The suit as originally brought was necessarily for the benefit of all taxpayers of the city and might as well be prosecuted in the name of one as of another. No prejudice whatever resulted to the defendants (appellees) by allowing appellant to become a party plaintiff for the purpose of prosecuting the suit. Neither the original plaintiff nor the appellant could recover a personal judgment against any of the appellees (defendants) except for the benefit of all taxpayers of the city.

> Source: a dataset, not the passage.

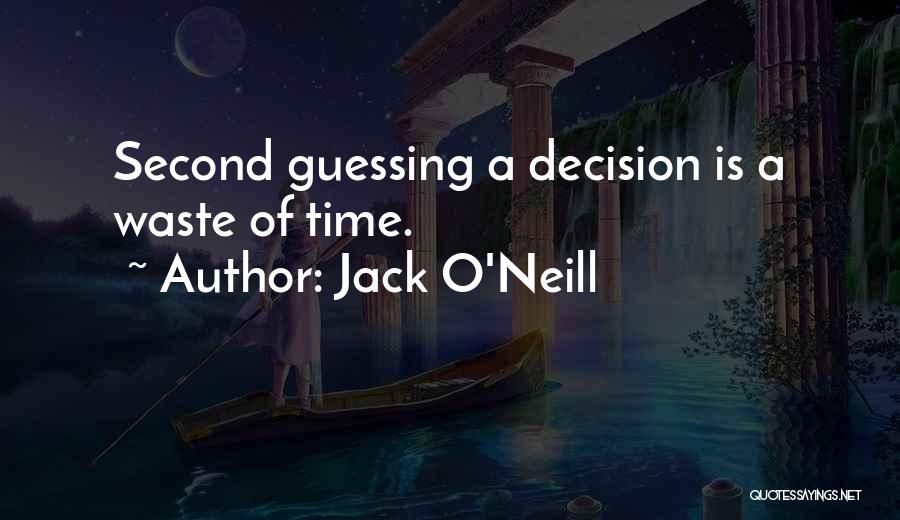 Jack O'Neill Quotes: Second Guessing A Decision Is A Waste Of Time.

Laman, 193 Ark. at 447-48.

Thus, it is this clear that an illegal-exaction suit is a collective single action prosecuted on behalf of all affected taxpayers. In 1944, this court stated an illegal-exaction suit under article 16, section 13, “is made a class suit in which any citizen may sue for the benefit of himself and all other interested citizens. ...” Samples v. Grady, 207 *388Ark. 724, 182 S.W.2d 875 (1944). See also, Nelson v. Berry Petroleum Co., 242 Ark. 273, 413 S.W.2d 46 (1967); Schuman v. Ouachita County, 218 Ark. 46, 234 S.W.2d 42 (1950). Moreover, this court has recently stated that an illegal-exaction suit is a class suit as a matter of law. Frank v. Barker, 341 Ark. 577, 20 S.W.3d 293 (2000); Carson v. Weiss, 333 Ark. 561, 972 S.W.2d 933 (1998).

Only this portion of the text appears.